Virginia officials have declined to identify the man, now 50, who was cleared Wednesday of a rape in Alexandria.

The rape occurred about 5:45 a.m. Dec. 30, 1984. A 37-year-old woman was dragged from a bus stop at West Glebe Road and Executive Avenue. Her screams awoke neighbors, one of whom testified that he saw a man beat and choke the woman as she lay on the ground.

In Richmond, a scientist at the state Department of Forensic Science has begun working through the first 15 boxes, each containing about 250 case files from the early 1970s, said Paul B. Ferrara, the department director.
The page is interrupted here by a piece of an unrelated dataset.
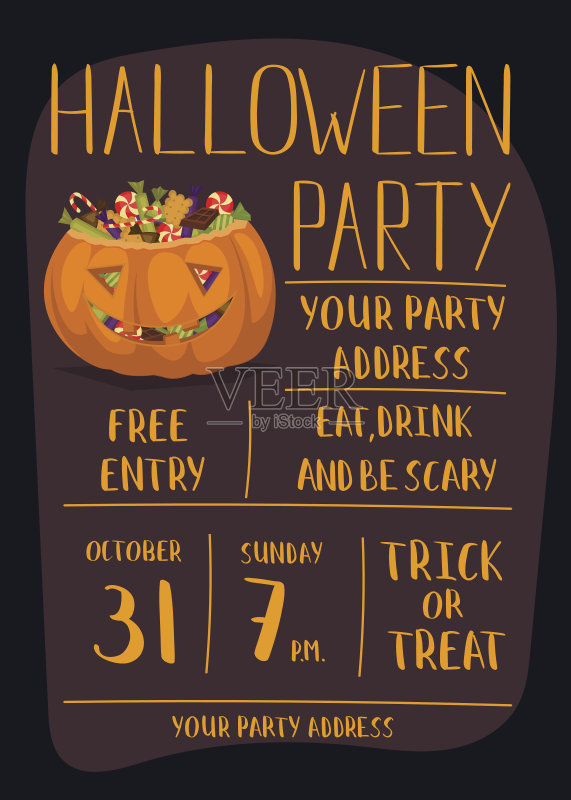 万圣节派对邀请与可怕的南瓜正版模板素材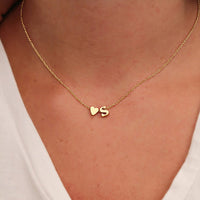 Your Fave Travel Merch | Heart Initial Necklace | Niche Dainty Tiny | Rust and Corrosion Resistant | Gold / Silver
Over the holidays, graduate students from Virginia Commonwealth University will help sort through the files to determine which ones are appropriate for biological testing.

In cases where samples are too degraded to test, authorities eventually will search courthouses to see whether evidence from a trial has been preserved. In most older cases, evidence was destroyed after a defendant's appeals were exhausted, but not always, Ferrara said. He said the goal would be to try to come to some conclusion on all the cases.

Officials expect that DNA from about 300 cases eventually will be tested.

"I think it's clear there are going to be more exonerations," Ferrara said.

Stockwell reported from Alexandria. Staff writer Maria Glod contributed to this report.